Comme texte-contexte je me référerais alors à la notion de bibliographie naturelle (nous en trouvons une bonne définition descriptive dans l'approche de la ville de Tamara, dans le recueil Villes invisibles, d'Italo Calvino:
« L'œil s'arrête rarement sur quelque chose, et seulement quand il y a reconnu le signe d'autre chose : une empreinte sur le sable indique le passage du tigre, un marais annonce une source, la fleur de la guimauve la fin de l'hiver. Tout le reste est muet et interchangeable ; les arbres et les pierres ne sont que ce qu'ils sont. Pour finir, le voyage conduit à la ville de Tamara. On y pénètre par des rues hérissées d'enseignes qui sortent des murs. L'œil ne voit pas des choses mais des figures de choses qui signifient d'autres choses » ; nous penserons aussi à cette bibliothèque que nous appelons « univers » (« L'univers (que d'autres appellent la Bibliothèque) », La bibliothèque de Babel, Borges).
L'animisme, qui laisse l'humain intégré au réseau du vivant, pourrait-il être une voie pour renouer le fil avec ces forces spirituelles qui relieraient pensée humaine et pensée animale dans un même champ vibratoire ?
 
Plusieurs expériences pourraient ici être rapportées. J'en propose une, extraite de l'ouvrage Mystiques et magiciens du Tibet d'Alexandra David-Néel en 1929. L'auteur relate le récit d'un lama qui dans sa jeunesse avait avec son frère quitté son monastère pour aller servir et étudier auprès d'un ascète étranger qui venait de s’installer dans leur région. Comme cela se pratiquait pour combattre à la fois la peur et l'incrédulité des disciples concernant l'existence des démons, étant entendu comme le rapporta alors un docteur en philosophie à Alexandra David-Néel que :
« Le disciple doit comprendre que dieux et démons existent réellement pour ceux qui croient à leur existence et qu'ils possèdent le pouvoir de faire du bien ou du mal à ceux qui leur rendent un culte ou qui les redoutent. », l'ascète ordonna au plus jeune des deux frères d'aller s'attacher trois jours et trois nuits à un arbre dans un endroit isolé, et de s'imaginer une vache offerte en offrande, précisément là où rodait un démon sous la forme d'un tigre. Le matin du cinquième jour le maître dit au disciple resté près de lui d'aller chercher son frère car il avait fait un rêve étrange.
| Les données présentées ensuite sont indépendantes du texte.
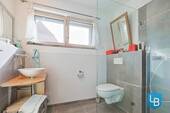 Helles Duschbad im Erdgeschoss -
Il alla et trouva le corps de son jeune frère déchiqueté et à demi dévoré. Lorsqu'il revint à la hutte celle-ci était vide et le maître disparu. Dès lors nous avons plusieurs niveaux d'interprétation de cette histoire. D'abord celui littéral des faits : ne voyant pas revenir son disciple l'ascète a compris qu'il avait eu un accident et a préféré s'éclipser discrètement. Puis, celui du lama racontant l'histoire et qui, à l'époque, considéra que le démon-tigre avait effectivement eu raison de son jeune frère pas encore suffisamment avancé initiatiquement pour s'en défendre. Enfin, le niveau d’interprétation auquel le lama parvint après plusieurs années de travail, à savoir que l'ascète en question était probablement lui-même le démon-tigre, métamorphosé en homme pour piéger de jeunes moines venant de quitter leur monastère.
Dans son essai Marcher avec les dragons (2013) l'anthropologue Tim Ingold montre comment dans les communautés monastiques du moyen-âge occidentale le recours au dragon jouait le même rôle que celui du démon-tigre tibétain :
« le dragon, précise Tim Ingold, existait pour autant que la crainte existe, non comme une menace extérieure mais comme une souffrance imprimée au cœur même de la personne qui la subissait. En tant que tel, il était aussi réel que l’expression de son visage ou l’insistance de sa voix. Mais il ne pouvait être vu ou entendu que par celui qui en était lui-même effrayé. ».
 
Pour progresser vers une impossible conclusion je citerai une nouvelle fois Italo Calvino dans une autre de ses villes invisibles (Théodora, étymologiquement "don de Dieu") : « Reléguée pendant un temps indéfini dans des repaires à l’écart, depuis l’époque où elle s’était vue détrônée par le système des espèces désormais éteintes, l’autre faune revenait au jour par les sous-sols de la bibliothèque où l’on conserve les incunables, elle descendait des chapiteaux, sautait des gargouilles, se perchait au chevet des dormeurs. Les sphinx, les griffons, les chimères, les dragons, les hircocerfs, les harpies, les hydres, les licornes, les basilics reprenaient possession de leur ville. ».
 
Vous comprenez bien que je ne peux pas conclure, je dirais simplement que je crois qu'avoir, à la fois l'humilité et le courage, que je qualifierais de chevaleresques, tels l'humilité et le courage de Don Quichotte, de dépasser l'horizon humain pour se ressaisir de la force spirituelle codée (infusée ? Engrammée ?) dans notre langage, c'est s'autoriser à incarner le rôle décisif de Sisyphe roulant une bulle à calculi sur la face de la Tour de Babel (cf. tableau 3 : Sisyphe au pied de la Tour de Babel), ce qu'il faudrait concevoir comme une expérience de pensée.
 
Si l'on s'intéresse vraiment à la lecture, et se reportant aux parentés animales de la pensée humaine, les quelques illustrations et exemples que je vous ai proposés aujourd'hui, avancent deux idées :
1 – que nos contextes sont tissés de textes qui pourraient nous ouvrir l'accès à d'autres territoires et à d'autres expressions du vivant ;
2 – que le langage recèlerait des formes de vie, comme, par exemple, des démons-tigres ou des dragons.

 

dimanche 21 décembre 2014

Vivez enfin une rencontre littéraire du 21e siècle !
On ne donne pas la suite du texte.